Washington : Uttam Dhillon, who is a special assistant to the President advising him on compliance and ethics issues, let Trump believe he could not sack the FBI director, with which he would join list of sacked white House aides by Trump. An Indian American lawyer Uttam Dhillion who is special assistant to the president advising him on compliance and ethics issues, was reportedly so unnerved by the possibility that Trump would fire Comey (FBI Director) and invite a Justice Department investigation that would imperil the Presidency that he let President Trump believe he could not sack the FBI Director. It was reported in New York Times “Longstanding analysis of presidential power says that the president, as the head of the executive branch, does not need grounds to fire the FBI director. Dillon, a veteran Justice Department lawyer before joining the Trump White House, assigned a junior lawyer to examine this issue.

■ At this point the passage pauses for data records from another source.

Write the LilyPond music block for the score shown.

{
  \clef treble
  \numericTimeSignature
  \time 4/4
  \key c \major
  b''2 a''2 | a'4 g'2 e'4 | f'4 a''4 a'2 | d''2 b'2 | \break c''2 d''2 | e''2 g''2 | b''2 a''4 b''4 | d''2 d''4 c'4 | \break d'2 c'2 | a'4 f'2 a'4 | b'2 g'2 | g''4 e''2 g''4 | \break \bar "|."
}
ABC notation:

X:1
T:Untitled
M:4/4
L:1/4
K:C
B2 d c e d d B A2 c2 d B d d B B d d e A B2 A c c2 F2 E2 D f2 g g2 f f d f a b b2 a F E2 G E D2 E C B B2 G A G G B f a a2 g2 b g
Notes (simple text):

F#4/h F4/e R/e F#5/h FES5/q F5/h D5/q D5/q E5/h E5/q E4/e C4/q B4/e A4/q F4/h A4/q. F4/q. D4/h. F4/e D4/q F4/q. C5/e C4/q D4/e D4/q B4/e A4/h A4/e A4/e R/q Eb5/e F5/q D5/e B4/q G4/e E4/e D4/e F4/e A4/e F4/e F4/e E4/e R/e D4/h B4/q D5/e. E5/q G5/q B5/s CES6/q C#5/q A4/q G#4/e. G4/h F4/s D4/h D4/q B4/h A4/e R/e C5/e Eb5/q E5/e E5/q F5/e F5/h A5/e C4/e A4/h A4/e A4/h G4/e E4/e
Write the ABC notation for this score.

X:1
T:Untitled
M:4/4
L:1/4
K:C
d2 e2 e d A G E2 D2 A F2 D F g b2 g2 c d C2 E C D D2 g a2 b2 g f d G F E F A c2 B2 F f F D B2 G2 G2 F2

That lawyer determined that the FBI director was no different than any other employee in the executive branch, and that there was nothing prohibiting the president from firing him,”adding, “But Dhillon, who had earlier told Trump that he needed cause to fire Comey, never corrected the record, withholding the conclusions of his research.”
On of message on social media also read Dhillon’s ruse, albeit in the interest of protecting the Trump presidency, made him some sort of hero among liberals even as many other predicted his imminent firing. “Uttam Dhillon, if you still work at the White House, there’s probably a FedEx envelope on the way,” “I wouldn’t want to be in Uttam Dhillon’s place for all the whiskey in Ireland,” read another.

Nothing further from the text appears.